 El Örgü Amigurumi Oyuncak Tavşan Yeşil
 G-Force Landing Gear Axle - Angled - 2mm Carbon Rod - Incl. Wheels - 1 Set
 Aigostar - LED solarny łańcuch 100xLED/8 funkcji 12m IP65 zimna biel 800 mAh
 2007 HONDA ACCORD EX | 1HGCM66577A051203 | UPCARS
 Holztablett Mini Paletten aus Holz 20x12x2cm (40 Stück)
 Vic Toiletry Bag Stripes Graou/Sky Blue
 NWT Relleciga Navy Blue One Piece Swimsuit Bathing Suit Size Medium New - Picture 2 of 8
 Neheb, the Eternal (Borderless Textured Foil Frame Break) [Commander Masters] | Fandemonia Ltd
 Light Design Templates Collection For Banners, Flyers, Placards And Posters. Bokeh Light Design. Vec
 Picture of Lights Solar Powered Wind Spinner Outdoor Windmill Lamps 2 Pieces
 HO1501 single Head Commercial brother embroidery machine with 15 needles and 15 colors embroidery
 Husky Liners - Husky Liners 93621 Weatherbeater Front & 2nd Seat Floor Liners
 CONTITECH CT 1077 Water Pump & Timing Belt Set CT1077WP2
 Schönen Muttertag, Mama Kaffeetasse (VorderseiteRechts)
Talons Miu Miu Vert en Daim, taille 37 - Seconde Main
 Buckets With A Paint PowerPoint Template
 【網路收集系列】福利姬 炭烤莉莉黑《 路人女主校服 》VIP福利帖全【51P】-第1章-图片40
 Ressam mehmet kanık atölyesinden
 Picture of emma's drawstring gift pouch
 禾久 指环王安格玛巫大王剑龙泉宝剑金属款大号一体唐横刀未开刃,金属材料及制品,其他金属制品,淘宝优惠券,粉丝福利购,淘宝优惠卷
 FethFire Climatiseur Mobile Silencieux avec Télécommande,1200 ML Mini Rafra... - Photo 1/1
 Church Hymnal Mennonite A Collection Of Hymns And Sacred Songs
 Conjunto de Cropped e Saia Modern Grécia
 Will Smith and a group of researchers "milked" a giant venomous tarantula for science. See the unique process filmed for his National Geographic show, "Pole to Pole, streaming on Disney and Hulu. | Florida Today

§ **EXERCISE PROMPT**:
Where does the string "Mini" occur in the data above? Copy every line that holds it.

§ **COMPLETED EXERCISE**:
 Holztablett Mini Paletten aus Holz 20x12x2cm (40 Stück)
 FethFire Climatiseur Mobile Silencieux avec Télécommande,1200 ML Mini Rafra... - Photo 1/1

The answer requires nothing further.